Добавить в цитаты Настройки чтения

Страница 1 из 9



Жан Кокто

Ужасные дети

Адская машина

Jean Cocteau

LES ENFANTS TERRIBLE

LA MACHINE INFERNALE

Перевод с французского

Н. Шаховской («Ужасные дети»),

С. Бунтмана («Адская машина»)

Серийное оформление Е. Ферез

Компьютерный дизайн А. Чаругиной

Печатается с разрешения Lester Literary Agency.

Серия «Эксклюзивная классика»

© Editions Grasset & Fasquelle, 1929, 1953

© Перевод. С. Бунтман, 2019

© Издание на русском языке AST Publishers, 2019

Ужасные дети

Часть I

Квартал Монтье зажат между улицами Амстердам и Клиши. С улицы Клиши в него можно попасть через решетчатые ворота, а с улицы Амстердам – через всегда открытый сводчатый проход большого дома, по отношению к которому Монтье представляет собою самый настоящий внутренний двор – длинный, с небольшими особнячками, притаившимися у подножия высоких безликих стен. Эти особнячки с зашторенными стеклянными мансардами, должно быть, принадлежат художникам. Так и представляешь себе, что внутри они все увешаны старинным оружием, парчой, полотнами, на которых запечатлены кошки в корзинках, семьи боливийских министров, и мэтр проживает здесь инкогнито – знаменитый, утомленный государственными заказами и наградами, хранимый от всякого беспокойства провинциальной тишиной подворья.

Но дважды в день, в половине одиннадцатого утра и в четыре вечера, тишина взрывается.

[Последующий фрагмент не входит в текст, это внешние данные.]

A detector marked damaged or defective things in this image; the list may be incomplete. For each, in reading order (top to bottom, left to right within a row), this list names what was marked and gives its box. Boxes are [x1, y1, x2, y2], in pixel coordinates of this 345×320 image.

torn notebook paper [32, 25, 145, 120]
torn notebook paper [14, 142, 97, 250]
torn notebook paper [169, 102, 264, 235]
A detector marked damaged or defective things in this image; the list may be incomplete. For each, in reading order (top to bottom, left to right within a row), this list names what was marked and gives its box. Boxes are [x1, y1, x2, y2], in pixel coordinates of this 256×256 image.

Ибо открываются двери маленького лицея Кондорсе напротив дома 72-бис по улице Амстердам, и школьники превращают подворье в свой плацдарм. Это их Гревская площадь. Что-то вроде площади в средневековом понимании, что-то вроде двора чудес, любви, игр; рынок шариков и почтовых марок; трибунал, где вершится суд и казнь; место, где хитроумные заговоры предшествуют тем возмутительным выходкам в классе, продуманность которых так удивляет учителей. Ибо пятиклассники ужасны. На следующий год они будут ходить в шестой класс на улице Комартен, презирать улицу Амстердам, разыгрывать какие-то роли и сменят сумку (или ранец) на четыре книги, завернутые в ковровый лоскут и стянутые ремешком.

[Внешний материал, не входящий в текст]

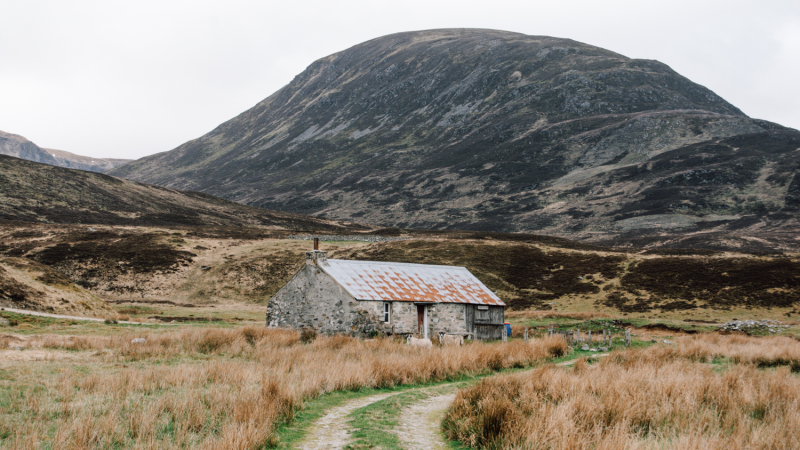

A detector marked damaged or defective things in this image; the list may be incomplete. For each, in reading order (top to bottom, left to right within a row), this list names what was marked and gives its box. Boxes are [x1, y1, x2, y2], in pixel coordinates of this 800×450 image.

Но у пятиклассников пробуждающаяся сила еще подчинена темным инстинктам детства. Инстинктам животным, растительным, проявления которых трудно уловить, потому что в памяти они удерживаются не прочнее, чем какая-нибудь минувшая боль, и потому что дети умолкают при виде взрослых. Умолкают, принимают защитные позы иных царств. Эти великие лицедеи умеют мигом ощетиниться, подобно зверю, или вооружиться смиренной кротостью растения и никогда не открывают темных обрядов своей религии. Мы знаем разве только то, что она требует хитростей, даров, скорого суда, застращивания, пыток, человеческих жертвоприношений. Подробности остаются невыясненными, и у посвященных есть свой язык, которого не понять, даже если вдруг незаметно их подслушать. Какие только сделки не оплачиваются марками и агатовыми шариками! Дары оттопыривают карманы вождей и полубогов, крики – прикрытие тайных собраний, и мне кажется, если бы кто-нибудь из художников, законопатившихся в роскоши, отдернул штору, он не нашел бы в этой молодежи сюжета для жанровой сценки в излюбленном им роде под названием «Трубочисты, играющие в снежки», «Игра в пятнашки» или «Шалуны».

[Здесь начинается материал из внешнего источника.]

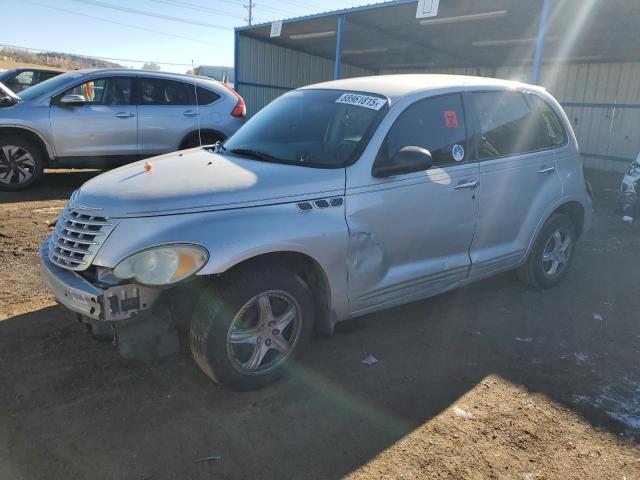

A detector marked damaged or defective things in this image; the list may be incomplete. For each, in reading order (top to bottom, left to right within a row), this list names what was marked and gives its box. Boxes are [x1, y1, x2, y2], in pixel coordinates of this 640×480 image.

В тот вечер, о котором пойдет речь, шел снег. Он начал падать накануне и легко и естественно воздвигал иную декорацию. Квартал отступал в глубь времен; казалось, снег, изгнанный с благоустроенной земли, ложится и скапливается только там и больше нигде.

Школьники, возвращаясь в классы, уже раскатали, растоптали, измежевали, изжевали его, освежевали жесткую осклизлую землю. По снежной колее бежал грязный ручеек. Окончательно снег становился снегом на ступенях, маркизах и фасадах особнячков. Карнизы, гребни, грузные нагромождения легких частиц не утяжеляли линий, но распространяли вокруг какое-то летучее волнение, предчувствие, и из-за этого снега, светившегося собственным светом, мягким, как у фосфоресцирующих часов, душа роскоши пробивалась сквозь камень, становилась зримой, превращалась в бархат, делая подворье маленьким и уютным, меблируя его, зачаровывая, преображая в призрачный салон.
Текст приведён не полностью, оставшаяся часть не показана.